Sterling technology improves efficiency in solar thermal electricity production
There has been some fuss lately over the first Stirling technology based solar thermal plant in Arizona by the Arizona based producer and this at the same time as Solar thermal is housed as one of the main technologies for future green electrity production.
There are many other interesting out there and the obvious question is then if this technology is any better compared to the others. To answer this we need to find out how it works.
The Sterling engine principle
The Sterling engine has the benefit of using any type of thermal heat source as energy source for generating torque. The engine uses a closed gas container that uses the temperature difference between its hot end and cold end to establish a cycle of a fixed mass of gas, heated and expanded, and cooled and compressed, thus converting thermal energy into mechanical energy. On the hot side the internal gas expands with increased pressure and on the cold side the pressure drops below atmosphere pressure driving the engine piston.
Principle of the Sterling solar thermal dish
1. A two dimensional servo aligns a solar reflector toward the sun.
2. The reflector focuses the sunlight toward a receiver
3. The receiver normally containing hydrogen collects the heat and air is used for cooling
4. The Stirling engine drives a generator which produces the electricity
5. An inverter converts direct current from the generator into alternating current that fits the electrical grid of your home.

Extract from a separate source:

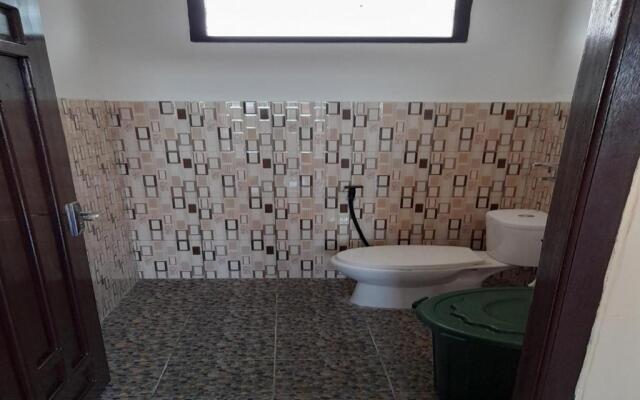 SPOT ON 91616 Kharisma Guest House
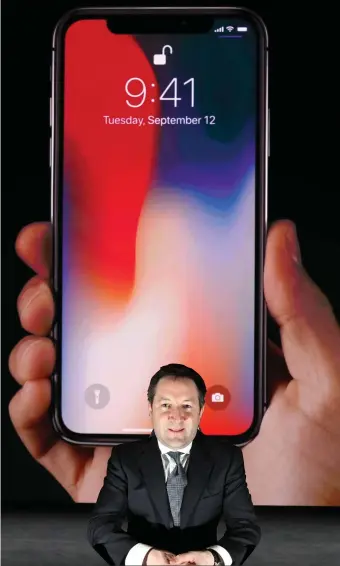  ??  ?? The Apple iPhone X at its 2017 launch and, inset, PCH founder Liam Casey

Sterling technology efficiency
The image above from Stirling energy Systems show that the energy per unit area is quite a lot higher than for example photovoltaics and parabolic trough technologies. I have not found the exact cost of these to calculate cost per kWh compared to CSP solutions but the company seem to focus on the scalability benefits instead of comparing energy costs. Also the benefit of the plant always producing energy even if one unit is broken is being promoted.
+ It requires no water which is very nice if you are in a desert
+ With a high difference in temperature between the the heated part and the air cooled part the efficiency of this solution is potentially very high
+ Highly modular as with photovoltaics
It must be cheaper with a central receiver with large mirrors and the buffering capability for constant electricity production even during night time is lost with this technology however this is a nice complementary technology that will find its place in the green future and it seems like a very good solution for medium size power plants.